Before Alice could answer, she caught sight of a curious creature curled up in some run-down shrubbery. It seemed to resemble a 3, but its body was considerably inverted. It lay shivering even under a beam of setting sunlight, helpless and--useless.
Alice began to feel uneasy. “What on earth is that?”
“’Tis a mystery,” C said, not even pausing to look at the creature, “a mystery on this earth of yours and just about everywhere else. A universal mystery that hasn’t even a verse! Nobody would explore such a theory so deeply save the crow--”
As the pair reached the back of the courthouse (where there was merely an opening without a door), C finally paused and stared at Alice with sudden realization. “--and, perhaps, you.”
“Me?” Alice wondered.
“Why, that’s how you came here, I do believe,” C pondered. “You thought that dividing was your way out, but now you’ve gotten yourself into something else entirely. First out, first in--why, you’ve turned the theory on the theory’s very head!”
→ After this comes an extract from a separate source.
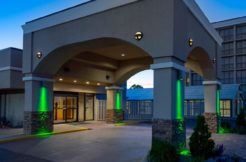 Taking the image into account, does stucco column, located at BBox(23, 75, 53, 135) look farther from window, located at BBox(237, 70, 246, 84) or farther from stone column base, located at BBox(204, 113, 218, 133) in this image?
window, located at BBox(237, 70, 246, 84)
“What theory?” Alice asked, starting to feel dismayed by her scent, her famished stomach, and all these questions.
“The theory,” a voice echoed, “that my brother doesn’t know what he theorizes. ‘Tis expected with only half a brain.”
Alice turned to face this creature: he had C’s exact body type, but in reverse, almost like a backwards parenthesis. “Well, aren’t you rude!”
“I am not,” the creature replied flatly.
“But you are Cero!” C cried happily, embracing the creature’s spindly body. “We are brothers, someday to be none!”
“Not like--boz?” Cero asked.
“Gah!” C suddenly raged. “That rabble-rouser & his brother! They’re’n’t symbols! They’re constructs! They will never be none, unlike us!
“None?” Alice asked in disbelief.
“We certainly can’t be one,” Cero replied curtly.
“We can’t even be none,” C interjected, struggling to align his body with Cero’s. It proved to be useless as the two brothers simply fell apart. “You see? There’s no connection. We’re just not fitting correctly.”
“Not in the least!” Cero said indignantly. “’Tis all her fault, don’t you see? She put us in this undefined state. Garbage in, garbage out.”
Alice began to feel frustrated again. “What exactly am I being accused of?”
“Accused?” C exclaimed, returning to Alice’s side and pulling her along while Cero followed slowly behind. “Why, you’re an accuser! You make the call, you see? You’re a chairman now, aren’t you?”
Alice thought for a moment. “Well, the last time I saw the crow, he declared that I’m the Chairman of the Board of Vice Presidents of Standing Affairs.”
C’s perky eyes shone with awe. “Standing affairs? We haven’t had such a chairman in days! You’ll get a fearsome chair for sure!” He put his face directly against Alice’s. “And I shall be on your right side!”
Ignoring the seemingly meaningless remark, Alice (with some humiliation in her voice) asked, “C, do I…smell queer to you?”
C grinned. “To me? Who knows? C’est la vie!”
Realizing that C wasn’t equipped with a nose of his own, Alice nodded, took as deep of a breath as she could, and entered the courthouse.